Problem details — Restate word for word only the lines from the one with "Lot 462 - A" through the end of the records; no pictures belong in the copy.

Exercise data —
○ ○ ○

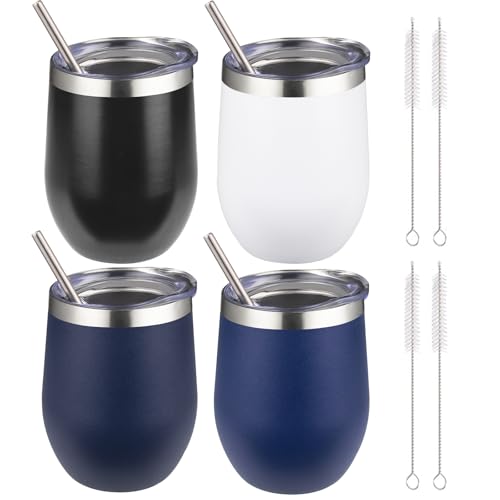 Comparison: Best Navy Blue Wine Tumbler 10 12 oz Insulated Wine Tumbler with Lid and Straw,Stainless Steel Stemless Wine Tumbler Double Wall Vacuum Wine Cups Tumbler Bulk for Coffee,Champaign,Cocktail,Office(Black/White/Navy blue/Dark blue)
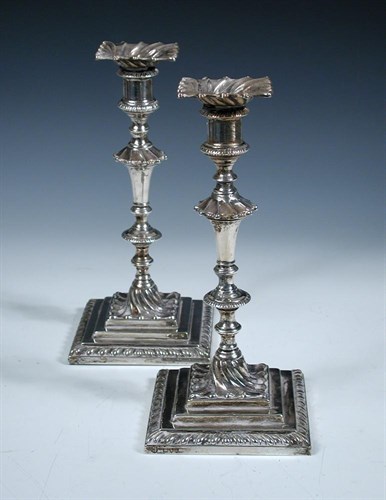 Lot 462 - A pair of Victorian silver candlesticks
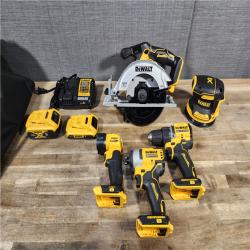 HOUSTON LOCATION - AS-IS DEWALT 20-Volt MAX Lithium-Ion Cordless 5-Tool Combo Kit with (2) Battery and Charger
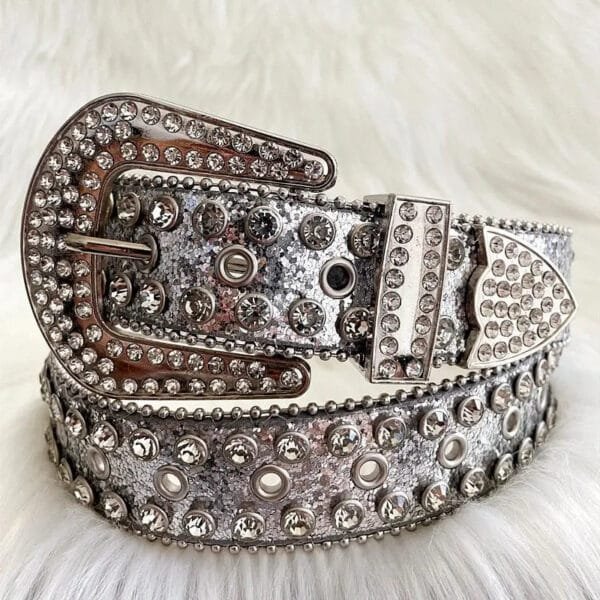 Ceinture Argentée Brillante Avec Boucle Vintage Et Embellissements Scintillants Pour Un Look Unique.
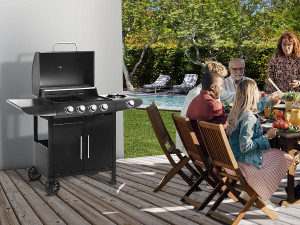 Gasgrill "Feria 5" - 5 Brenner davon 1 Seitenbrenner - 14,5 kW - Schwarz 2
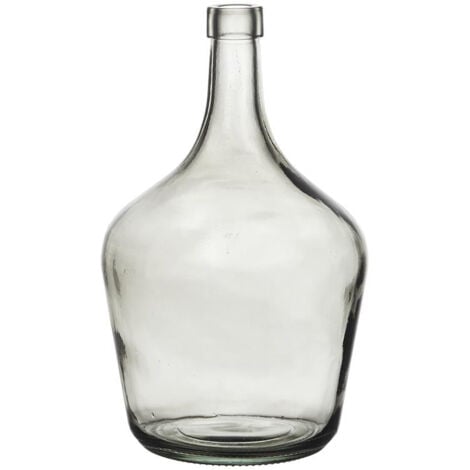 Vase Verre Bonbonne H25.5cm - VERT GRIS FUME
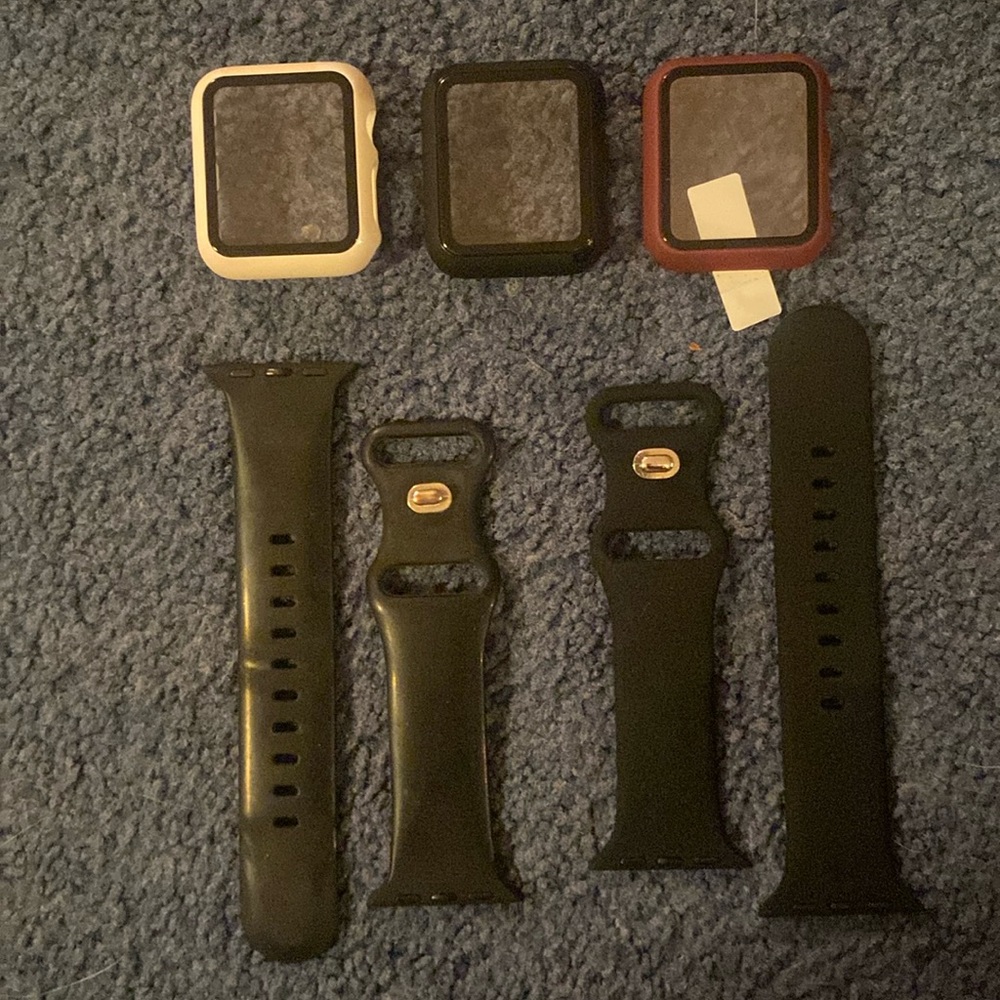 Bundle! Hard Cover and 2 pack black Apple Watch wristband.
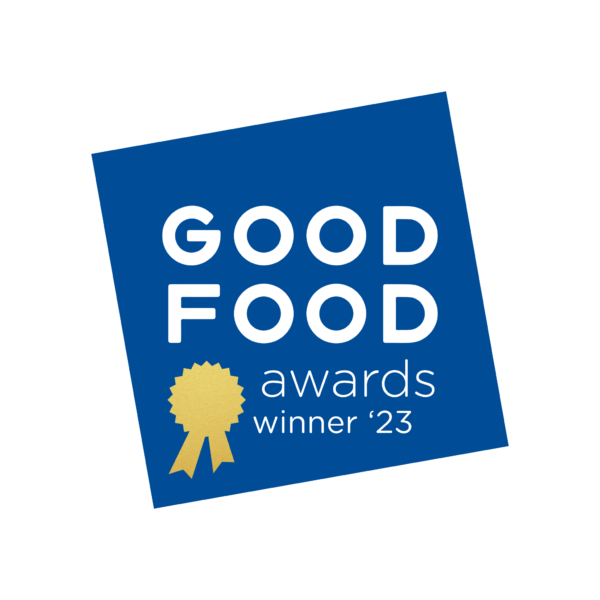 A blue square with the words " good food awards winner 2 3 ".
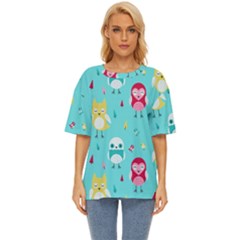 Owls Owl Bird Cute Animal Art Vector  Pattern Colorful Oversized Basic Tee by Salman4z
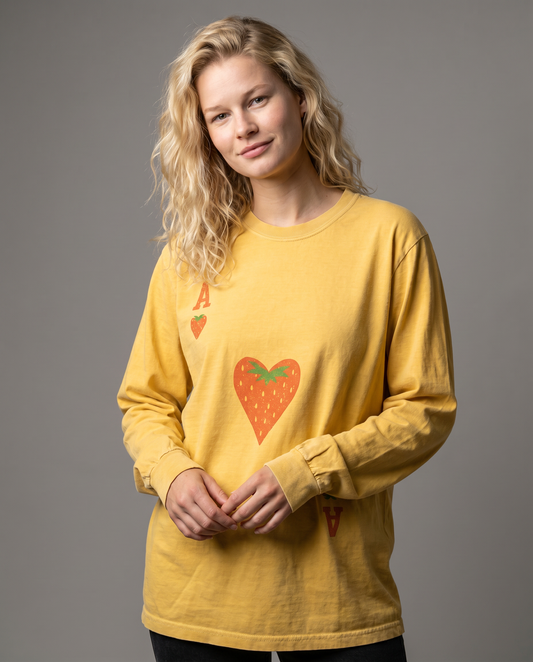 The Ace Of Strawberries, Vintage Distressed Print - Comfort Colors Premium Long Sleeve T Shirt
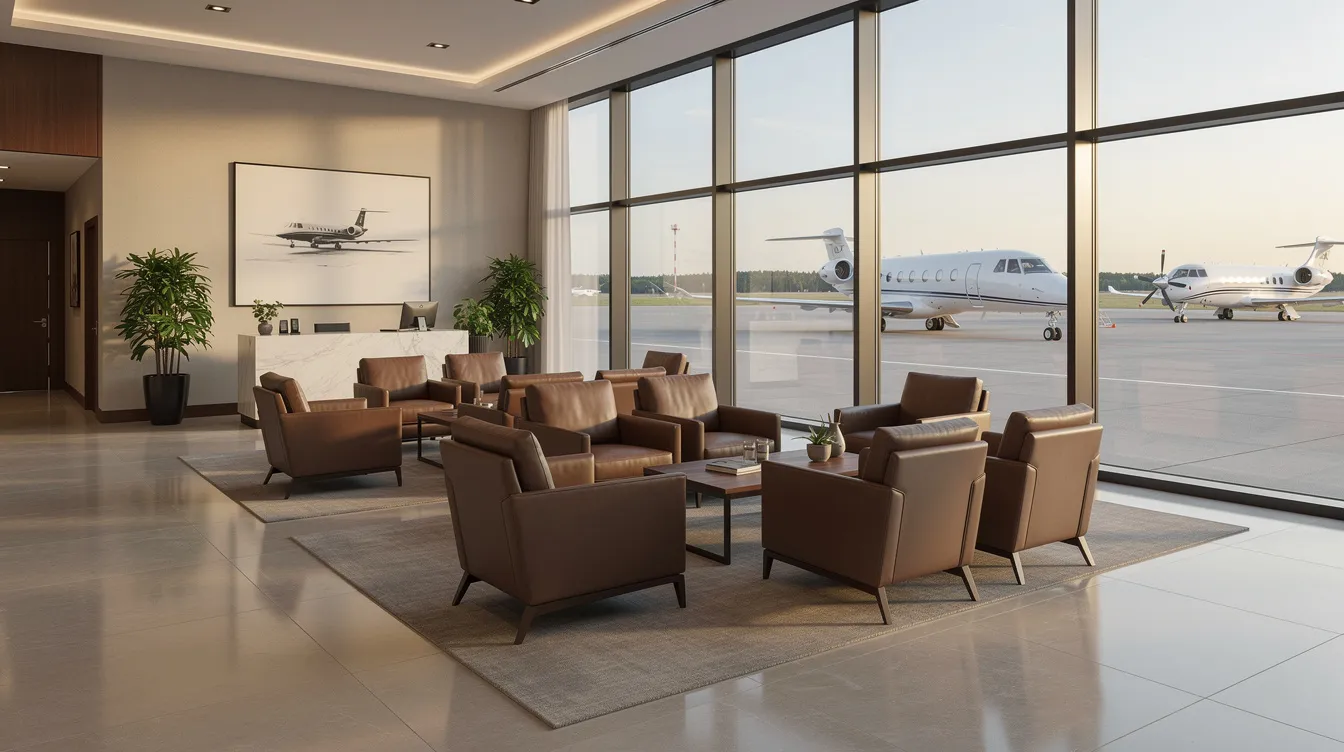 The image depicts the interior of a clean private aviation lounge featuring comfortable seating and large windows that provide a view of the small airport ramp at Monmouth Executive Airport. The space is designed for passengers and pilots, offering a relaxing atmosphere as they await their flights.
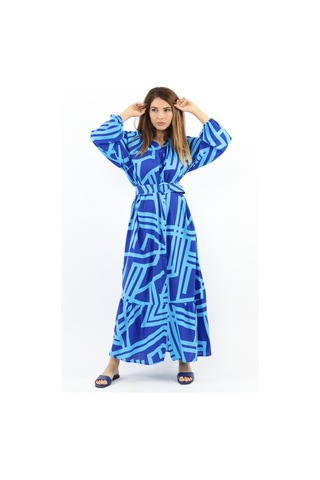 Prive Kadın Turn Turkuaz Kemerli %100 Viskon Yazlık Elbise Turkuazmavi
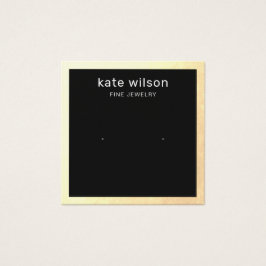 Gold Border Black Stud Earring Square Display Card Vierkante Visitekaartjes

○ ○ ○

Response box —
 Lot 462 - A pair of Victorian silver candlesticks
 HOUSTON LOCATION - AS-IS DEWALT 20-Volt MAX Lithium-Ion Cordless 5-Tool Combo Kit with (2) Battery and Charger
 Ceinture Argentée Brillante Avec Boucle Vintage Et Embellissements Scintillants Pour Un Look Unique.
 Gasgrill "Feria 5" - 5 Brenner davon 1 Seitenbrenner - 14,5 kW - Schwarz 2
 Vase Verre Bonbonne H25.5cm - VERT GRIS FUME
 Bundle! Hard Cover and 2 pack black Apple Watch wristband.
 A blue square with the words " good food awards winner 2 3 ".
 Owls Owl Bird Cute Animal Art Vector  Pattern Colorful Oversized Basic Tee by Salman4z
 The Ace Of Strawberries, Vintage Distressed Print - Comfort Colors Premium Long Sleeve T Shirt
 The image depicts the interior of a clean private aviation lounge featuring comfortable seating and large windows that provide a view of the small airport ramp at Monmouth Executive Airport. The space is designed for passengers and pilots, offering a relaxing atmosphere as they await their flights.
 Prive Kadın Turn Turkuaz Kemerli %100 Viskon Yazlık Elbise Turkuazmavi
 Gold Border Black Stud Earring Square Display Card Vierkante Visitekaartjes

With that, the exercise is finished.